*** Opening of Given information ***

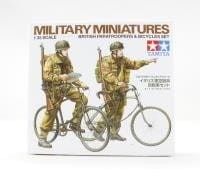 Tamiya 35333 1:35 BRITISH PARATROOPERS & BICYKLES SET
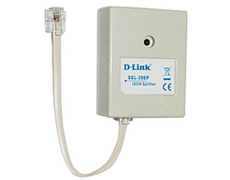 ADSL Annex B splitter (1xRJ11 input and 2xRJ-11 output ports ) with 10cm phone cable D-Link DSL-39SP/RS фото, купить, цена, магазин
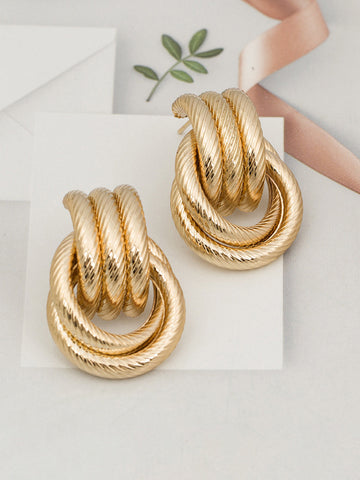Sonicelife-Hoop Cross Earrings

*** Close of Given information ***

### Work instructions
Without including any images, output the data exactly as given.

### The answer
 Tamiya 35333 1:35 BRITISH PARATROOPERS & BICYKLES SET
 ADSL Annex B splitter (1xRJ11 input and 2xRJ-11 output ports ) with 10cm phone cable D-Link DSL-39SP/RS фото, купить, цена, магазин
Sonicelife-Hoop Cross Earrings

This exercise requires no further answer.